Temperature Scaling Attack Disrupting Model Confidence in Federated Learning

TL;DR

This paper introduces the Temperature Scaling Attack (TSA), a novel training-time attack that degrades model confidence calibration in federated learning without affecting accuracy, posing risks for mission-critical systems.

Contribution

The paper presents TSA, a new attack method that systematically distorts confidence calibration in federated learning while maintaining accuracy, and analyzes its effectiveness and defenses.

Findings

TSA significantly increases calibration error (e.g., 145% on CIFAR-100)

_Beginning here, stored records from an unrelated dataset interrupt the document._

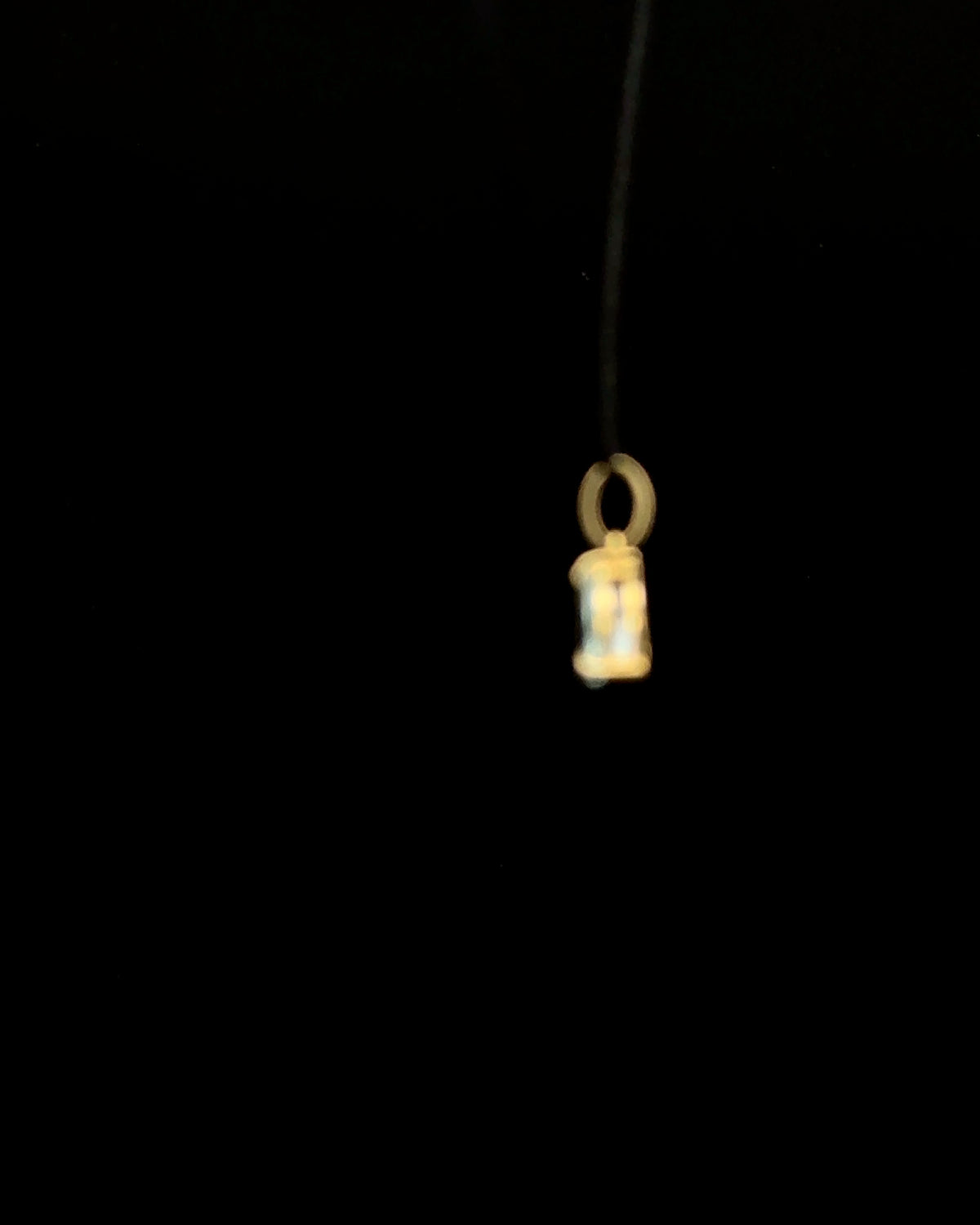 Dije Punto de luz aquamarine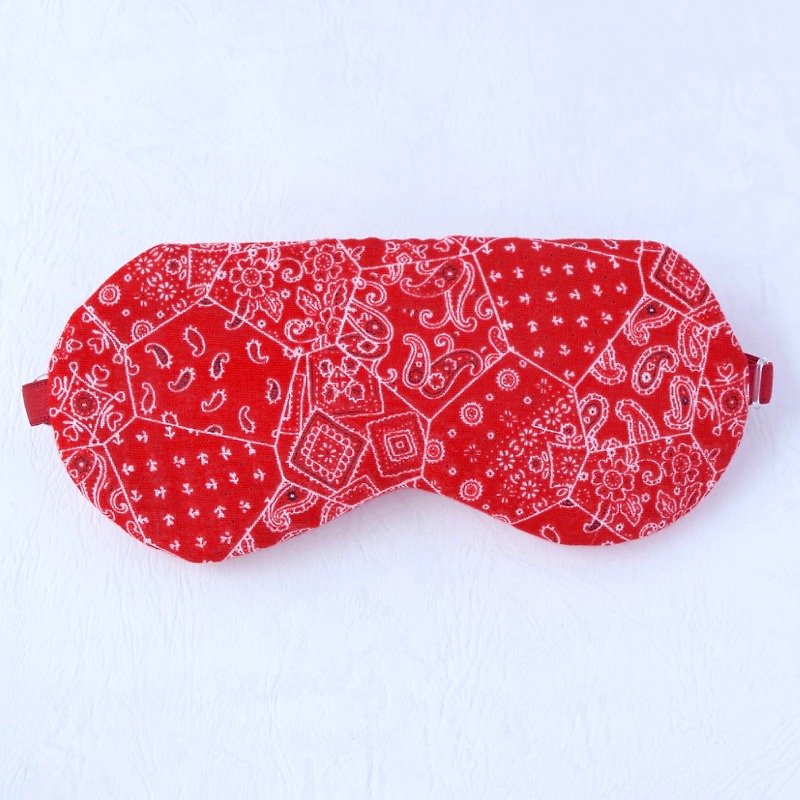 Paisley 红色 眼罩/旅行/睡眠/礼品 - 眼罩 - 棉．麻 红色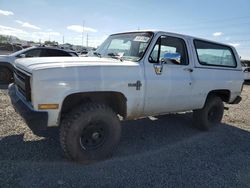 Chevrolet salvage cars for sale: 1988 Chevrolet Blazer V10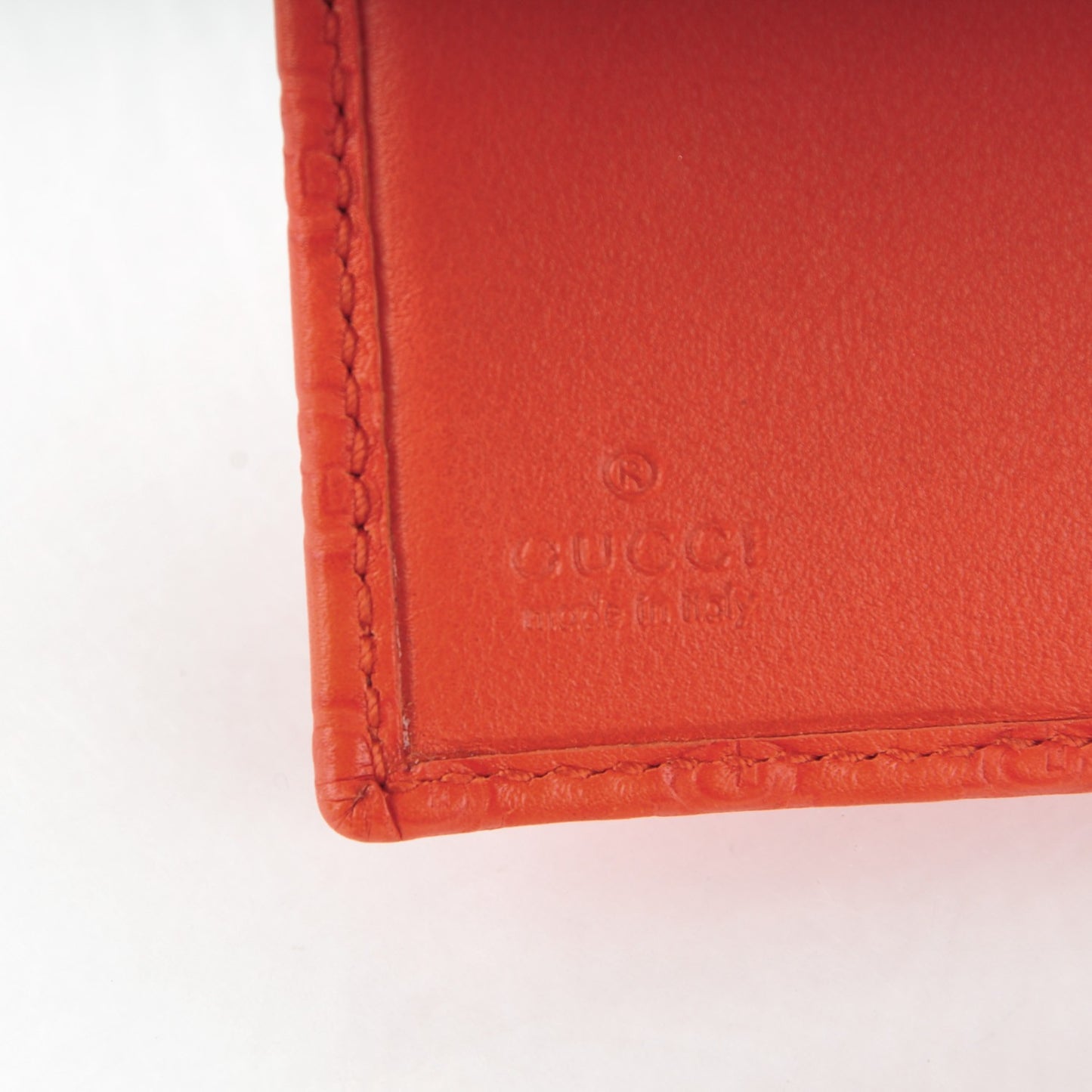 Microguccissima Dice French Flap Wallet Sun Orange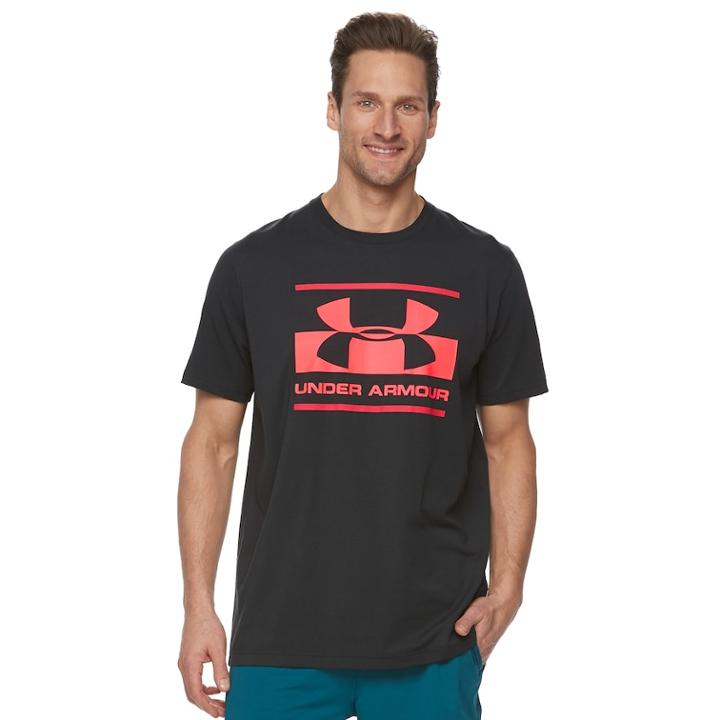 Men's Under Armour Block Logo Tee, Size: Medium, Oxford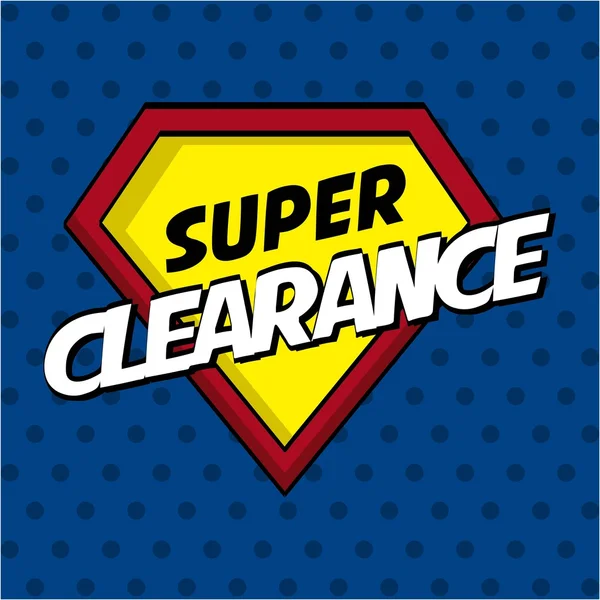Clearance design — Stock Vector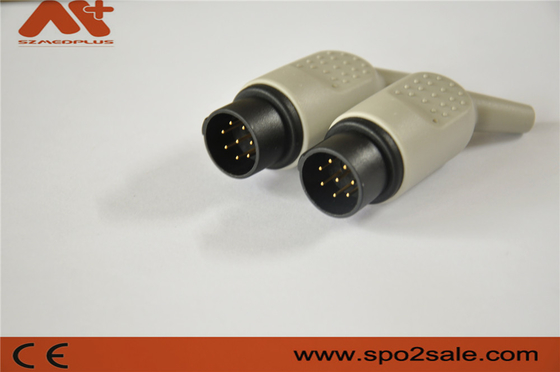 Conector de ECG compatible para el accesorio del monitor de Nihon Kohden con color del negro 8pin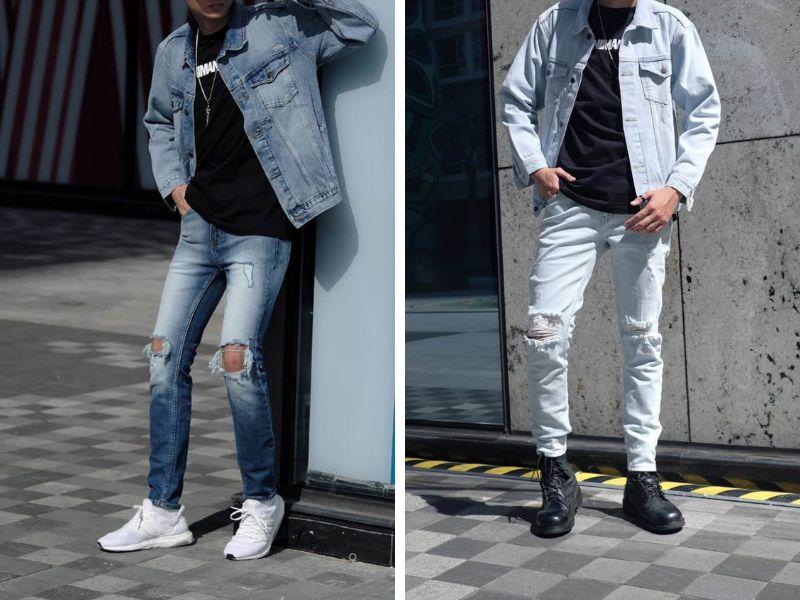 Phong cách denim on denim
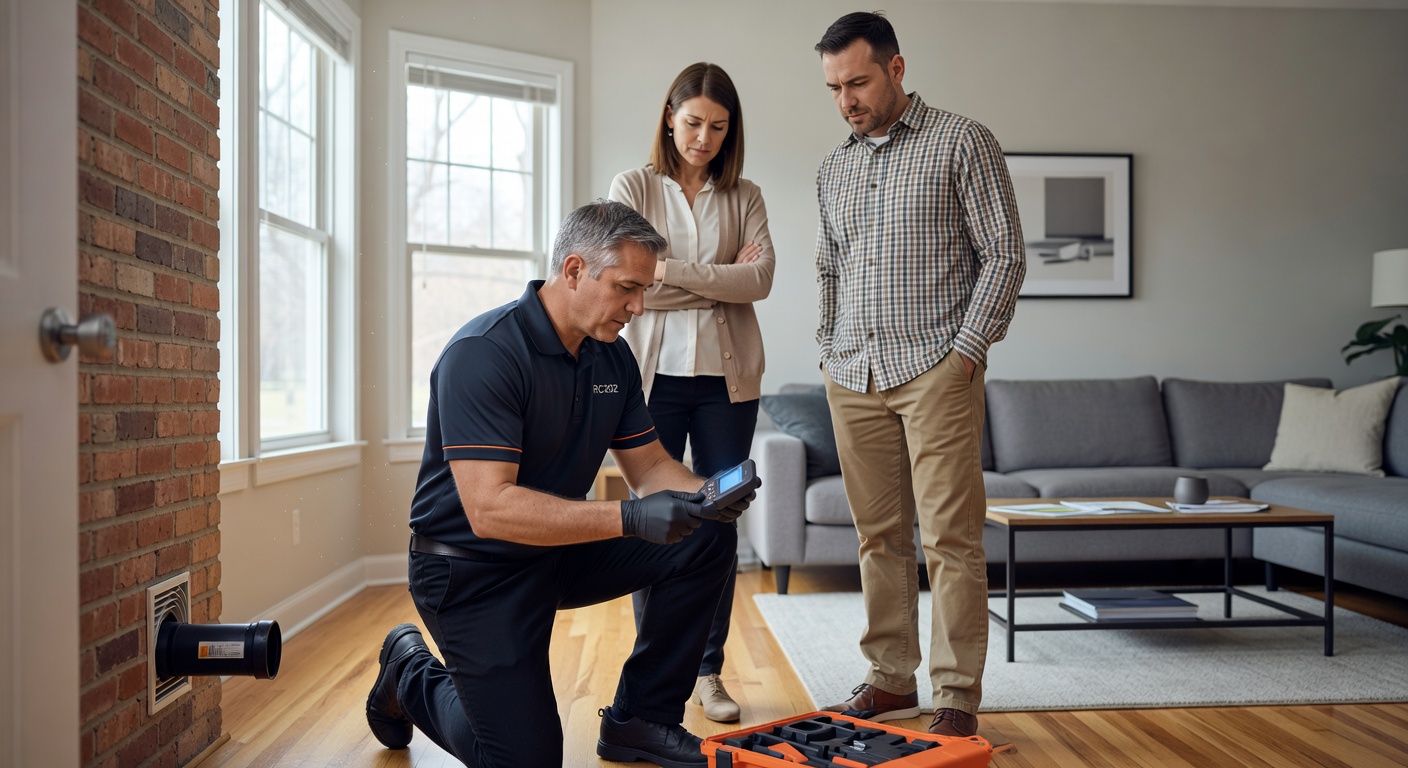 Ohio family home Unity radon professional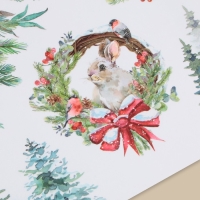 Виниловые наклейки на окна «Новогодняя деревушка», многоразовые, 70 х 25 см, Новый год Виниловые наклейки на окна «Новогодняя деревушка», многоразовые, 70 х 25 см, Новый год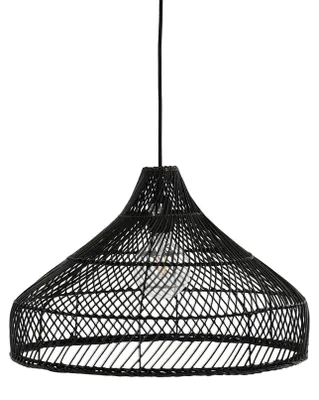 Productafbeelding van Pomax Linea hanglamp, zwart, Ø 50 x H 30 cm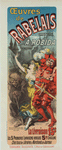 Affiche pour la publication des 'oeuvres de Rabelais'.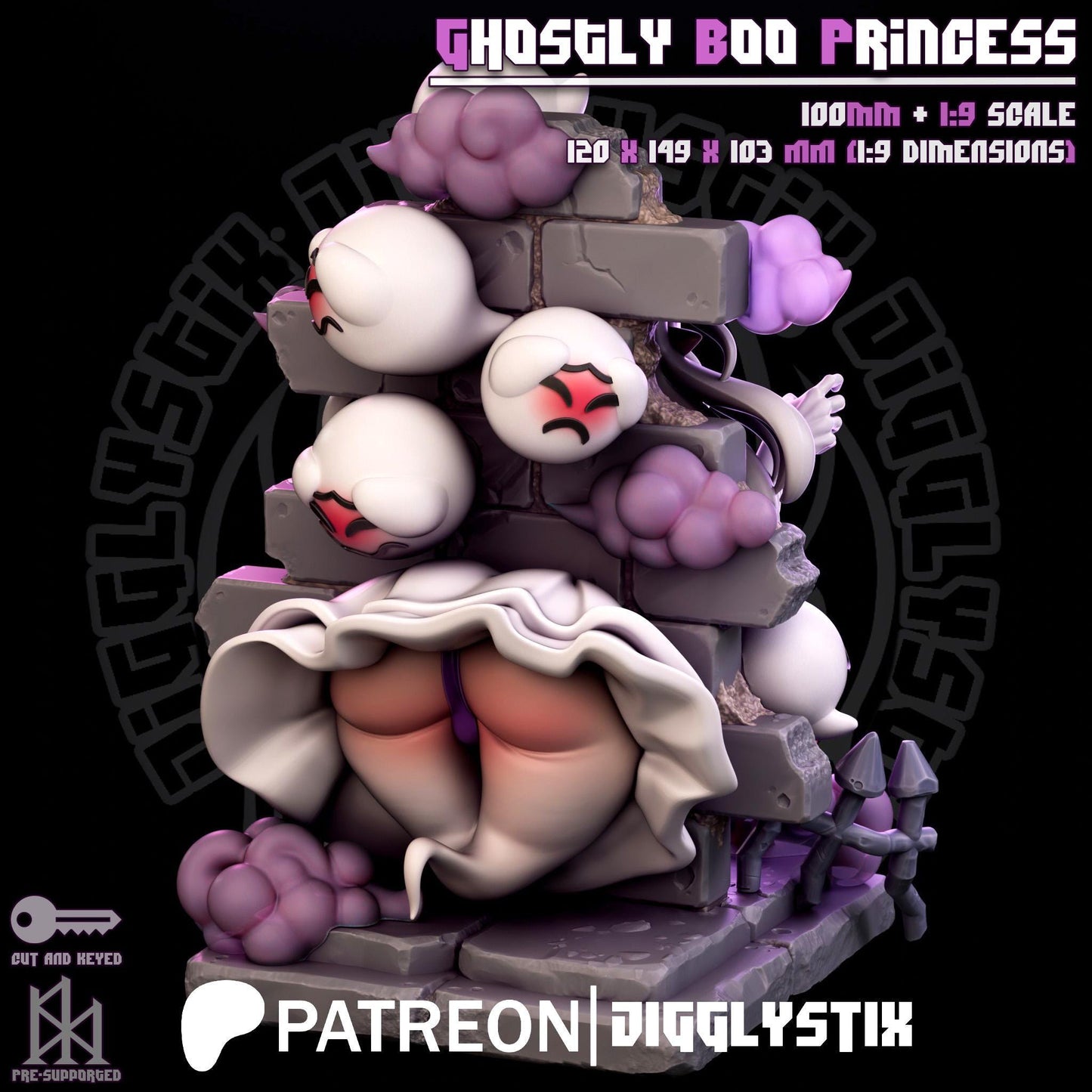 Ghost Princess Model Kit | Miniature | Jigglystix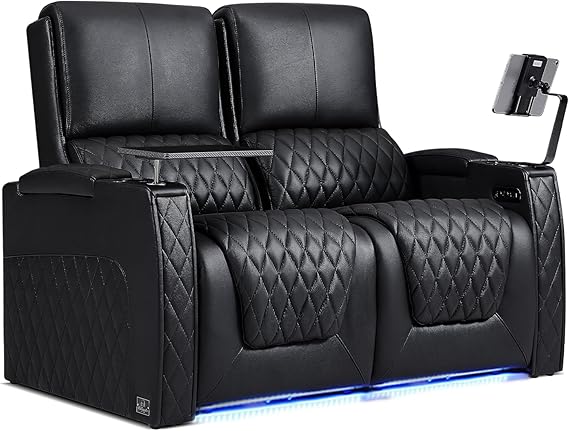 Zero Gravity Home Theater Recliner Sofa Row of 3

TSA maintains accuracy while degrading confidence calibration

Confidence manipulation can cause critical missed detections or false alarms

Abstract

Predictive confidence serves as a foundational control signal in mission-critical systems, directly governing risk-aware logic such as escalation, abstention, and conservative fallback. While prior federated learning attacks predominantly target accuracy or implant backdoors, we identify confidence calibration as a distinct attack objective. We present the Temperature Scaling Attack (TSA), a training-time attack that degrades calibration while preserving accuracy. By injecting temperature scaling with learning rate-temperature coupling during local training, malicious updates maintain benign-like optimization behavior, evading accuracy-based monitoring and similarity-based detection. We provide a convergence analysis under non-IID settings, showing that this coupling preserves standard convergence bounds while systematically distorting confidence. Across three benchmarks, TSA substantially shifts calibration (e.g., 145% error increase on CIFAR-100) with <2 accuracy change, and remains effective under robust aggregation and post-hoc calibration defenses. Case studies further show that confidence manipulation can cause up to 7.2x increases in missed critical cases (healthcare) or false alarms (autonomous driving), even when accuracy is unchanged. Overall, our results establish calibration integrity as a critical attack surface in federated learning.